If Raoul was a bit less emotional, less sensitive like Philippe had always thought it’d have done him good, it would not have mattered one jot. This grief had weeks to swell and surge, fanned by the fact he couldn’t bid his flesh and blood adieu for one last time at his wake, and worse, couldn't be there to perform his last duty and lay their paterfamilias to eternal rest in the ancestral crypt, next to their father–who departed way too early like his son, and the Comtesse—whom Raoul stole from every single member of his family as he let out his first cry.

This grief was further fed by Jeanne who could hardly look at his direction without a scathing remark or an accusatory stare and Marie-Thérèse who, while never blaming her younger brother, could hardly contain the sadness in her voice whenever Raoul let her down even further.

Most importantly, the young man's own guilt was enough to make a Leviathan out of his loss, one that would slowly consume him every day for not having perished the same night his brother breathed his last. So with chest heaving, sweaty hands shaking and pulling at his tousled locks, repeating "why" to no one and nothing whenever he could control his sobs, Raoul de Chagny sobbed his grief out for the first time in a month.

**Notes for the Chapter:**

> Thanks for reading! If you have enjoyed it or just would like to share your opinion, comments and kudos are appreciated! :)


	2. in the end, we are not the roles we play.

A bright morning sun decided to grace Parisians with its presence earlier this year. The little but comfortable room of Christine Daaé was not exempt from this, where the sun streamed in gently and warmed everywhere it touched. Christine, however, was in no mood to enjoy the warmth or the change in weather. Too distracted by her own thoughts to notice anything, even the shadowy patterns the lace curtains cast on her hands, she was smoothing out any visible wrinkles on the black gown in front of her.

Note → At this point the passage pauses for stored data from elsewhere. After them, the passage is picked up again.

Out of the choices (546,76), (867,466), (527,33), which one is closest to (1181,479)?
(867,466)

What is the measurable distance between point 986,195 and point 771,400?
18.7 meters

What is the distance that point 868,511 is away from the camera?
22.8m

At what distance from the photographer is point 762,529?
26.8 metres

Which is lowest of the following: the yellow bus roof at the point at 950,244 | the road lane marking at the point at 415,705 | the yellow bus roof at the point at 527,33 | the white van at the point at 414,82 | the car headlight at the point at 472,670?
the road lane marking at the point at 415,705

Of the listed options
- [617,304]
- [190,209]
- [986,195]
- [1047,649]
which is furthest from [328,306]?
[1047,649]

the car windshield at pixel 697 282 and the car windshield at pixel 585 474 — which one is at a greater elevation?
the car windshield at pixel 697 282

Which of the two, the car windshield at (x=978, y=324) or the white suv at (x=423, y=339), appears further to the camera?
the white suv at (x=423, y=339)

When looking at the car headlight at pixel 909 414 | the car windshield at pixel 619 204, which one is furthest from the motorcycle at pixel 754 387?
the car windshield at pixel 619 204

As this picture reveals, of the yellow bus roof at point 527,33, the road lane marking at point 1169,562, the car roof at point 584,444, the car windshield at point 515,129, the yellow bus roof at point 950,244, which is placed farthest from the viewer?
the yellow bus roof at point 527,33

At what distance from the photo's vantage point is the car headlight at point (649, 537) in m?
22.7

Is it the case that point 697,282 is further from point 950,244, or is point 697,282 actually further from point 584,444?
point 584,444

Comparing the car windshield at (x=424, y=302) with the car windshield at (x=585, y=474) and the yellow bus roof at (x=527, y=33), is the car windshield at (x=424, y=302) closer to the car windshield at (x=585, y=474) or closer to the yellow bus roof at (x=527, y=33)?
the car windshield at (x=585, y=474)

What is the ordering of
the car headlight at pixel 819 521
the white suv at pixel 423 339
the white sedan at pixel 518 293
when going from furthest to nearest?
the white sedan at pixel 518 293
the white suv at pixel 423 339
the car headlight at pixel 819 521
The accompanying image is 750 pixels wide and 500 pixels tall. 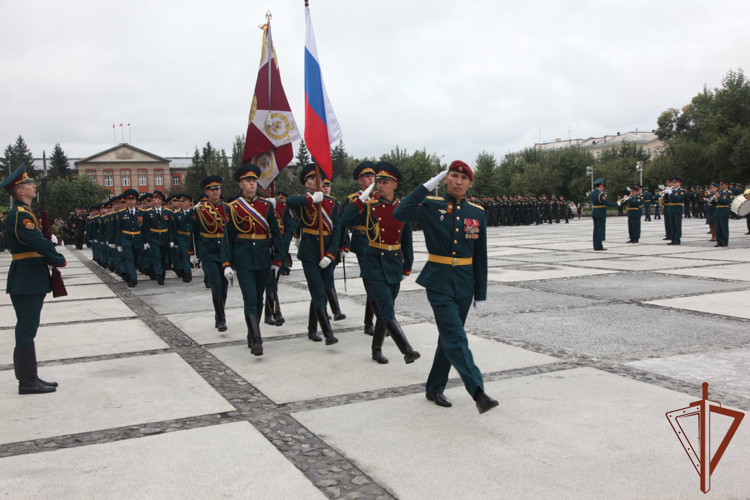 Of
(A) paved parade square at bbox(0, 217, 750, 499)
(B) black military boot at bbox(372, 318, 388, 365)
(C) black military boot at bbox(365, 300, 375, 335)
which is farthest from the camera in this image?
(C) black military boot at bbox(365, 300, 375, 335)

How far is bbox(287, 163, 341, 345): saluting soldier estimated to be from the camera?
7.14 metres

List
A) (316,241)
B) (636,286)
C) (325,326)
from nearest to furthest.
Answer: (325,326), (316,241), (636,286)

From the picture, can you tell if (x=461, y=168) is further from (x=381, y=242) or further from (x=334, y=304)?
(x=334, y=304)

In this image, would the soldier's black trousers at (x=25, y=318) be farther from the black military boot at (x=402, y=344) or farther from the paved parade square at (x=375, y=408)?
the black military boot at (x=402, y=344)

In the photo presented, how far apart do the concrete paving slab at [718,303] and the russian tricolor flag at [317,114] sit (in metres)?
4.92

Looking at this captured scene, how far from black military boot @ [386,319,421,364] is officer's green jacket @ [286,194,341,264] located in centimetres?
168

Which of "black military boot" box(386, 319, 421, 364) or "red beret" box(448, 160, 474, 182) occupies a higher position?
"red beret" box(448, 160, 474, 182)

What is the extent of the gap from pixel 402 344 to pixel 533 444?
1.93 metres

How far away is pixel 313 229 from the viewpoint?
24.8 feet

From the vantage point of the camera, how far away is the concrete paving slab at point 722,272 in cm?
1147

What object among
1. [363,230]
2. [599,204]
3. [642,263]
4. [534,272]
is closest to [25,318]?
[363,230]

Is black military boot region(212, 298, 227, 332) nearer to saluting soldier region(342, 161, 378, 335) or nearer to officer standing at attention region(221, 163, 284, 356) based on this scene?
officer standing at attention region(221, 163, 284, 356)

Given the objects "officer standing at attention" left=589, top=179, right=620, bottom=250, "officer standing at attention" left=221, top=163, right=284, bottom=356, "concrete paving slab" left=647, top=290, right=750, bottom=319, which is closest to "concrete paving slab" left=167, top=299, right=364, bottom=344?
"officer standing at attention" left=221, top=163, right=284, bottom=356

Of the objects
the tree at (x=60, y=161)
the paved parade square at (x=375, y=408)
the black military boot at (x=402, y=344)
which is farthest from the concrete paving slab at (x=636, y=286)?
the tree at (x=60, y=161) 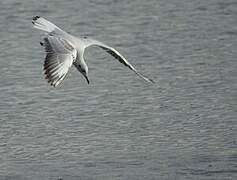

Earlier she had debated wearing her Sunday dress, her best for the time being, to visit the de Chagny household. _To visit Raoul._ But on second inspection, she did not think it was better than her mourning dress for her father, a somber yet delicate thing made of sturdy and dark bombazine with no frills save for the English crêpe circling its hem, and it possessed a dignity that was expressed through its simple cut, a luxury dating back to when Madame Valerius’ finances were better. A bit uncomfortable, for the time spent in Paris with inviting displays filled to the brim with delicious pastries combined with the passage of time changes one’s figure, but to the eye, perfectly presantable.

At first, the only problem was seeing it for the first time since her own deep mourning period ended and she was forced to let go of her mourner’s weeds in exchange of not standing out among other chorus girls after rehearsals. Besides, she always associated taking care of this dress with honoring the memory of her Papa, so it was quite logical to keep it safe and tucked away, _really_.

Once she had opened the sturdy chest where it lay neatly folded among other trinkets that reminded her of late Monsieur Daaé, her next problem was touching it. Afraid as if it would burn, she had forced herself to grab it and hold in front of her. Now that being done, she did not feel so bad with the thought of wearing it again as she smoothed it out.

After she wore the gown, she chose a simple, every-day coiffure for her hair and went downstairs to tell Madame Valerius she was going out. The poor woman, ever anxious to let go of her in her sight ever since that fateful night of the Faust performance, was at first upset that Christine was going _so far_! Christine took it on herself to carefully convince the old woman that it was no different than going to the bakery in the morning as she’d been doing these past few weeks, nor was it likely that any danger was lurking in the streets of Faubourg St. Germain. Sweet talk and the consideration Madame had for Christine’s sadness, which she attributed for some part not seeing the Vicomte and some to what she had gone through, helped convince her. The approving look she gave Christine when she entered the parlor she was sitting by the fire told Christine she had nothing to worry.

Soon, her mind amended her mistake once she was outside. She had nothing to worry as far as further upsetting Madame Valerius went.Her other concerns were not as easy to solve with sweet words over tea.

Ever since that night, or if she could admit for a long time, Christine did not know how she was feeling, but now more than ever, she was sure she could not afford to focus on herself. Every time she tried to think about herself, her experience, her situation, she felt a wave of something she could not yet identify wash over her, and found herself palms sweaty, heart beating fast, head dizzy. So she tried not to.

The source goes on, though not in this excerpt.